Eighth point to consider is this! Both are products of paradoxical sentiments: Buhari cried for Nigeria but only to run Nigeria in a way that is not out rightly rated in approving terms after a stunning electoral victory in 2015. Atiku has alleged elite conspiracy to shut him out of power but only to be given a stunning approval at a well organised convention of the nation’s political party with the highest concentration of the elite. Would the paradox enhance or play against each of them?
The ninth and the last factor is the stakeholders’ factor. Each of the two candidates have stakeholders. Although Buhari is not that generous as a leader, several layers of beneficiaries have emerged in the last four years, from journalists to political appointees to cabals, heard of as well as those unheard of and so on. They have a stake in his re-election. If the presidential election holds first in the sequence and Buhari does not win out rightly, there are many governors who will not be re-elected. Unless they reverse the election sequence so that governorship election precedes the presidential election, such stakeholders will make Buhari’s re-election a do or die affair. The problem they will have is if the PDP should change gear in favour of the existing order of elections, perhaps because they see they now have a candidate with the capacity to de-campaign the incumbent and defeat him.

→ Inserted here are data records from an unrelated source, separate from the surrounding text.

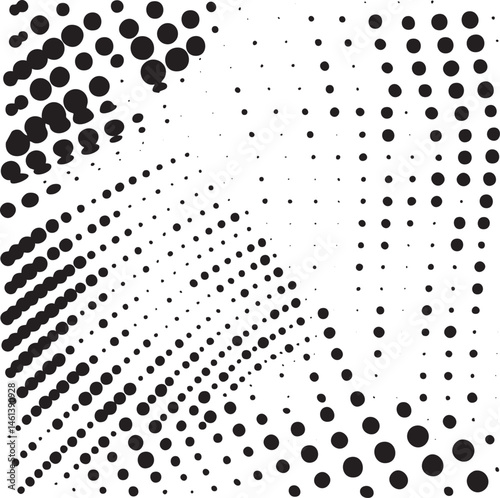 A dynamic composition of scattered black dots against a white background creates an abstract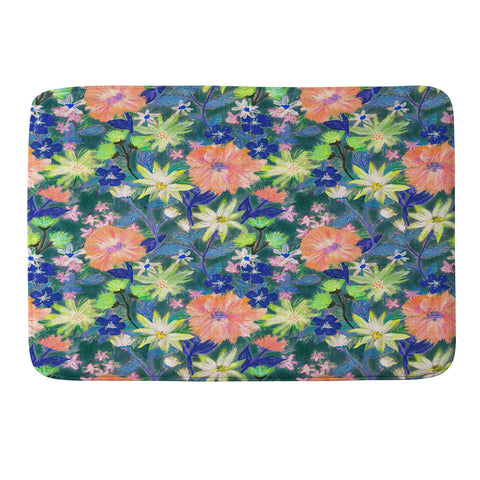 Schatzi Brown Elizabeth Floral Green Memory Foam Bath Mat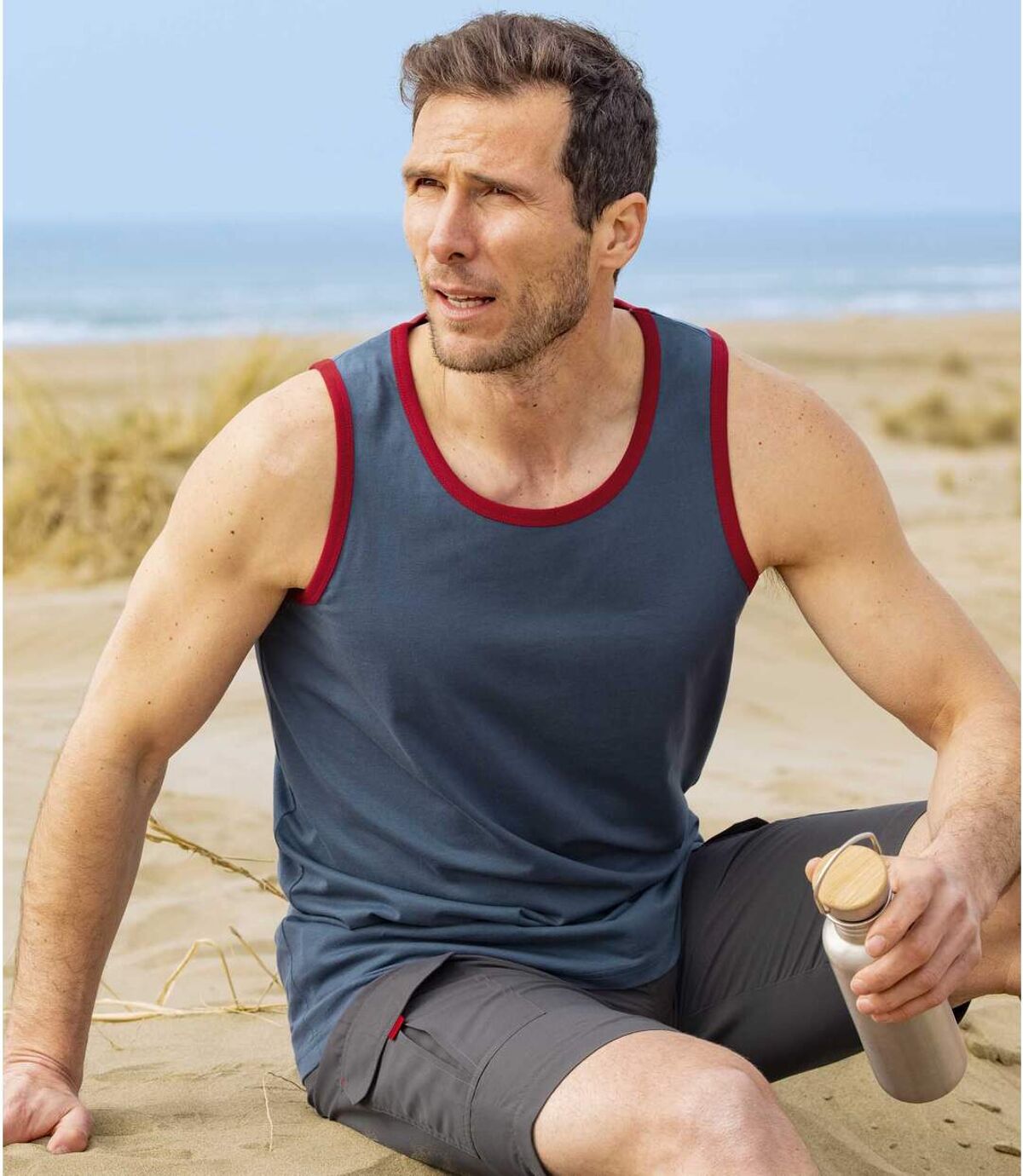 Lot 3 Débardeurs Homme Sunny Beach - Grandes Tailles M-5XL, Jersey Confort Été, Gris Chiné Bleu Anis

The stakeholders’ factor on Atiku’s side is heavier. Apart from the hundreds of academics, journalists, bankers, public relations experts, swingers, speculators and sundry experts, there are the numerous players who are stranded in the polity generally and in the party who would have to be re-located in the web of power. While there are those who may would not need anything beyond an atmosphere in which they are free from EFCC harassment, there are others who would need an appointment. All of these interests and forces would be interested in an Atiku victory just as their counterparts in the Buhari camp would be interested in Buhari victory. It is just the nature of our politics today.
Whether the Abdulsalami/Kukah kitchen, joined by the monitors of dangerous speech can prepare political herbs that can keep the contest within the boundaries of a decent campaign would be an interesting dimension to the unfolding story of 2019.